[WHAT TO PRODUCE]:
After finding the line with "Picture France Boat", restate it and each remaining line of the material word for word, omitting every picture.

[RECORD EXTRACTS]:
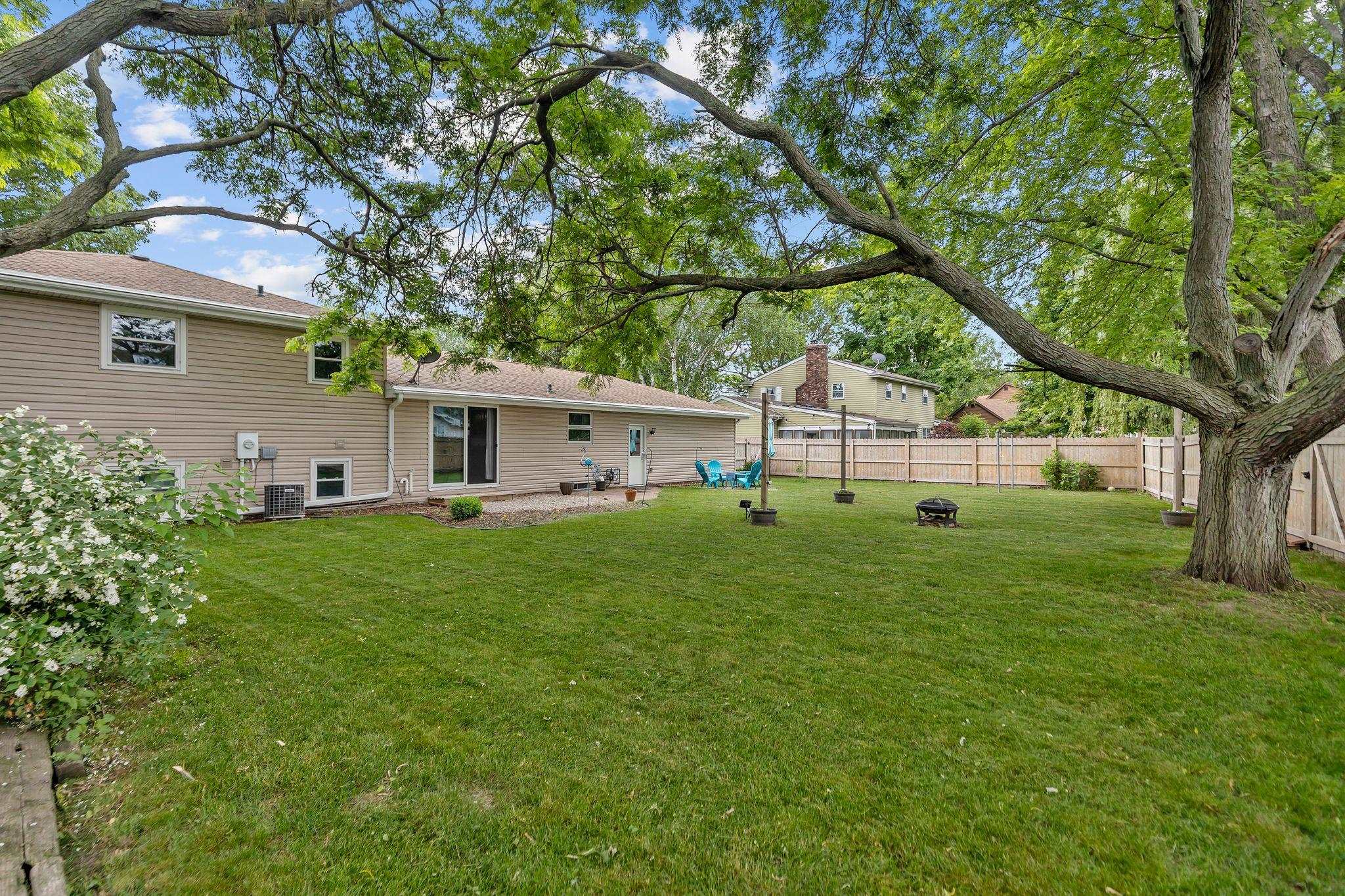 732 MANCHESTER Road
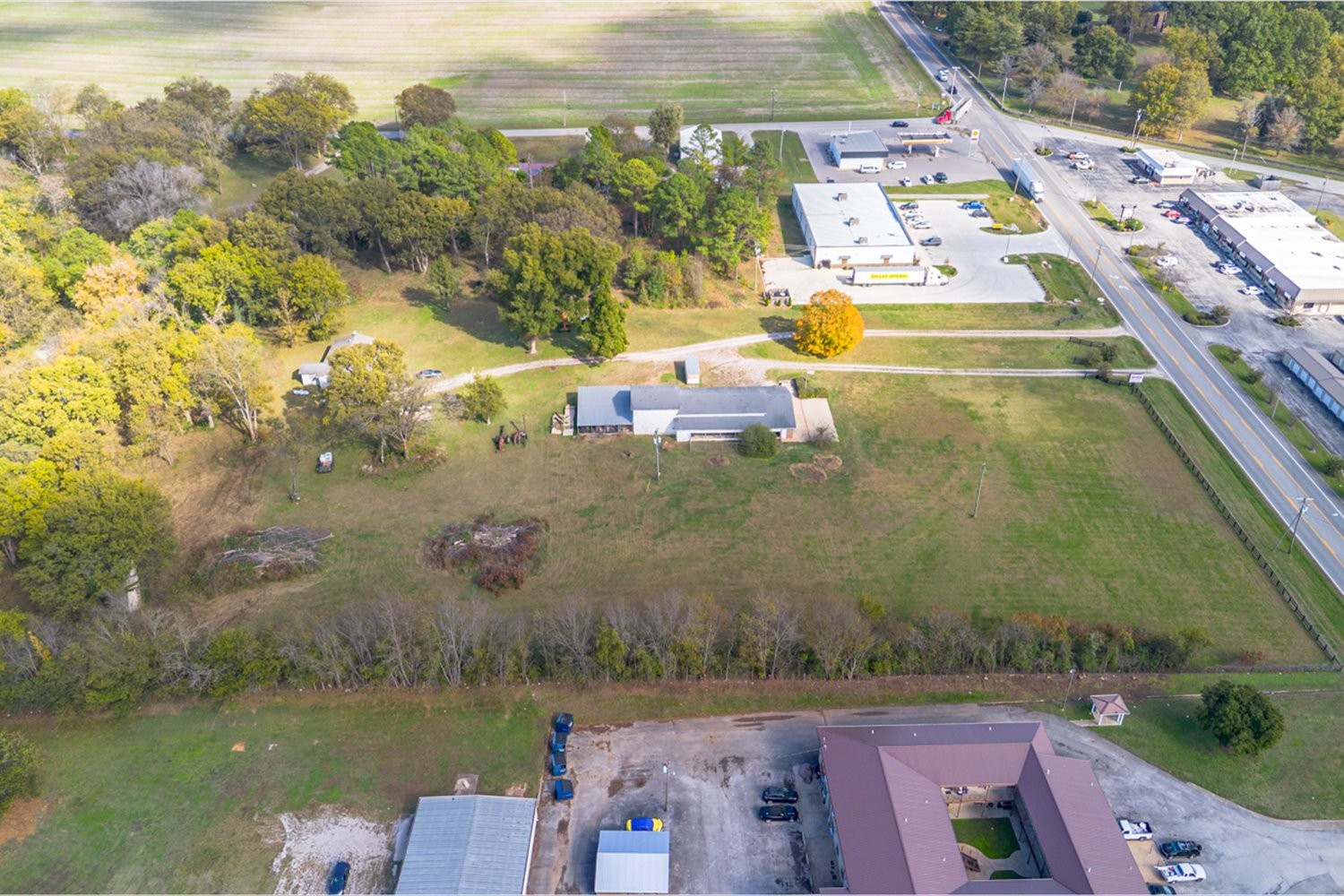 1725 N Main Street Columbia TN 38401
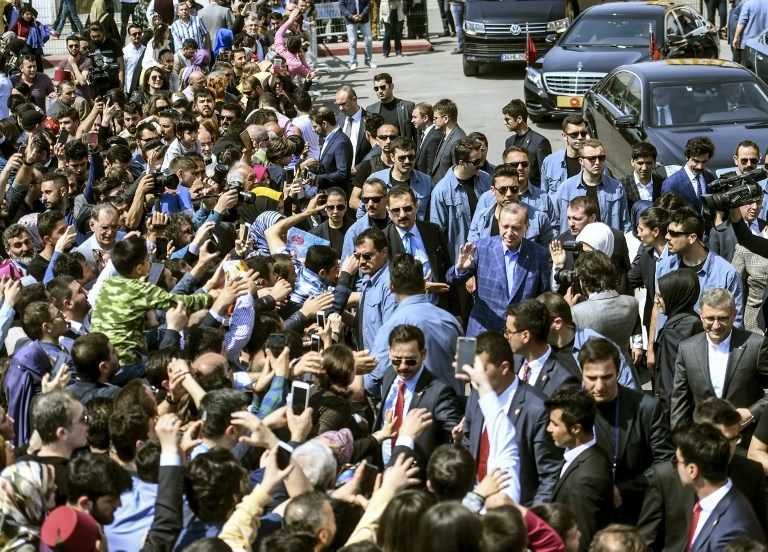 أردوغان خلال عملية التصويت (الفرنسية)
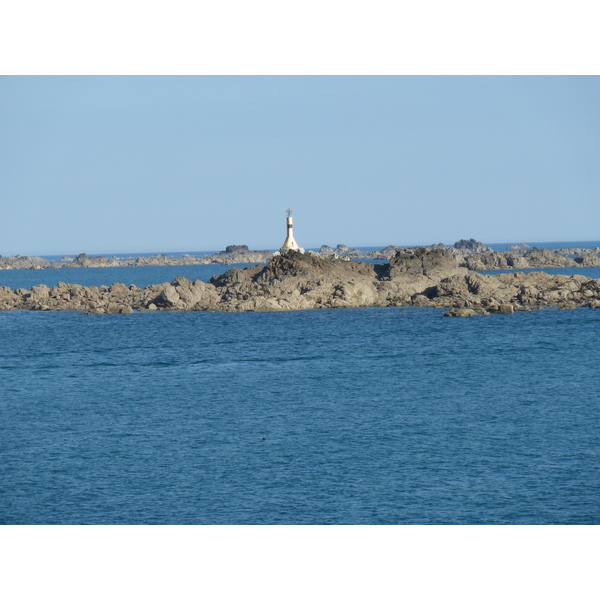 Picture France Boat from St Malo to Jersey 2010-04 49 - Center Boat from St Malo to Jersey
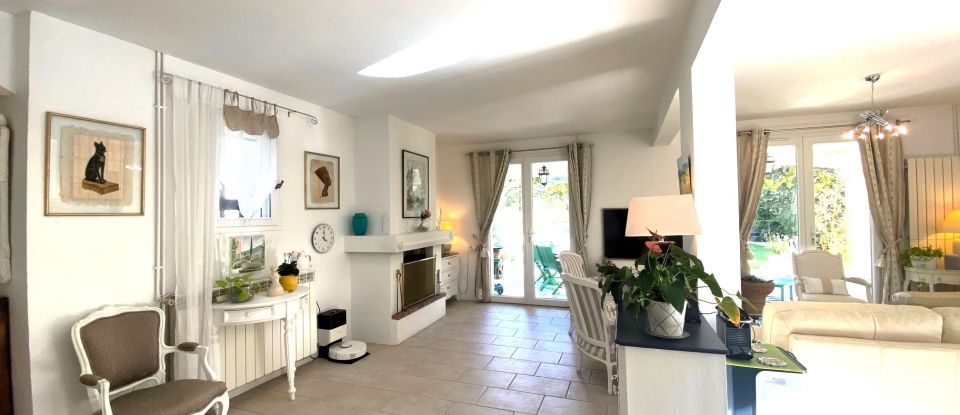 Maison 6 pièces de 150 m² à L'Isle-sur-la-Sorgue (84800)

[REPLY TO THE EXERCISE]:
 Picture France Boat from St Malo to Jersey 2010-04 49 - Center Boat from St Malo to Jersey
 Maison 6 pièces de 150 m² à L'Isle-sur-la-Sorgue (84800)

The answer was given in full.